Im gegenständlichen Fall kündigte die Klägerin und Vermieterin der Beklagten und Mieterin die Wohnung in 1100 Wien auf mit der Begründung, dass die Beklagte den Mietgegenstand nicht benützt (§ 30 Abs 2 Z 6 MRG).

Die Beklagte ist Mieterin der 20,76 m2 großen Wohnung mit einem im Gang befindlichen und zu der Wohnung gehörigem WC. Zum Zeitpunkt der Zustellung der Aufkündigung durch die Vermieterin im April 2023 waren nur mehr drei Wohnungen bewohnt und standen die restlichen Wohnungen leer. Das Schloss des Haustores war seit mehr als zwei Jahren defekt und stand dieses daher Tag und Nacht offen.

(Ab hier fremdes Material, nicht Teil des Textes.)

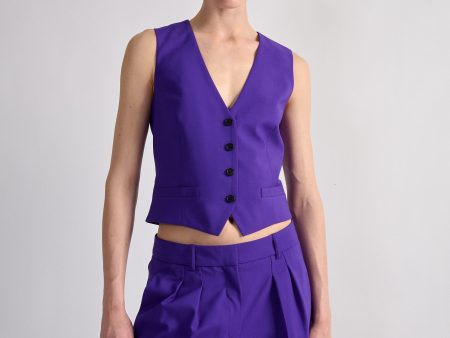 Purple wool suit waistcoat Fashion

Dies führte dazu, dass sich häufig fremde Personen im Haus aufhielten, darunter unterstandslose Personen und Drogenabhängige, die im Stiegenhaus Alkohol tranken, rauchten und lärmten; dies sowohl am Tag als auch in der Nacht. Die Beklagte hatte Angst in ihrer Wohnung. Im Juni 2023 wurde auch versucht, das zu ihrer Wohnung gehörige und im Gang befindliche WC aufzubrechen. Weiters gab es in der aufgekündigten Wohnung keine funktionierende Heizung.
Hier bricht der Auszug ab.